◆ **Prompt**: Return, from the material below, each line in which the word "contra" is present.

········

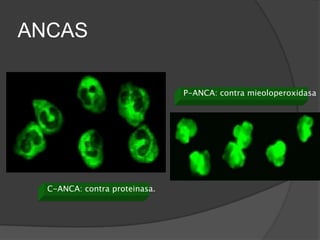 ANCAS

                               P-ANCA: contra mieoloperoxidasa




  C-ANCA: contra proteinasa.
 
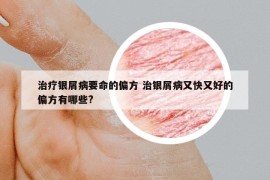 治療銀屑病要命的偏方 治銀屑病又快又好的偏方有哪些?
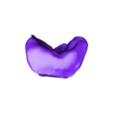 INCRUSTACION 4.6.stl MODELO PEDAGÓGICO DR CAPARACHINI STRAUMANN - NEODENT (INCLUINDO ANÁLOGOS)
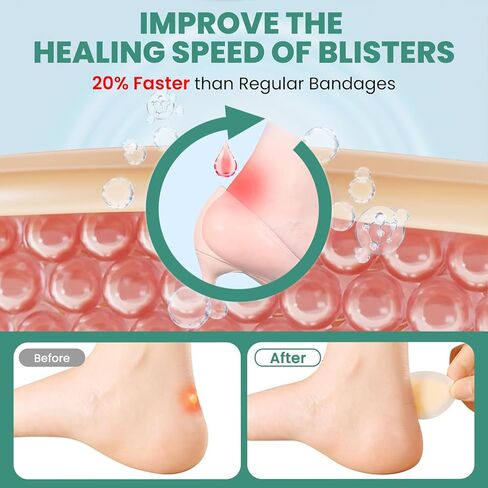 ضمادات فقاعية للقدم - 21 قطعة من ضمادات الغروانية المائية للوقاية من البثور والتعافي منها، وسادات فقاعية لحماية الكعب وأصابع القدم - عبوة متنوعة in Kuwait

········

◆ **Answer to the exercise**:
                               P-ANCA: contra mieoloperoxidasa
  C-ANCA: contra proteinasa.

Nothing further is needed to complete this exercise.